**Directions:**
For the entries below, report every line that includes the word "with".

**Data supplied:**
▼
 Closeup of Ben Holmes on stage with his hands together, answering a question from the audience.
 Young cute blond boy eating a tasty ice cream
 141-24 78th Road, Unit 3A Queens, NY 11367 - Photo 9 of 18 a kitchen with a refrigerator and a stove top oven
▲
▼
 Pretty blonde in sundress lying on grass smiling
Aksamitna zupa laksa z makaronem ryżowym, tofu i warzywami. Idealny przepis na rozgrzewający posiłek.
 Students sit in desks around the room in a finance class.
▲
**Answer:**
 Closeup of Ben Holmes on stage with his hands together, answering a question from the audience.
 141-24 78th Road, Unit 3A Queens, NY 11367 - Photo 9 of 18 a kitchen with a refrigerator and a stove top oven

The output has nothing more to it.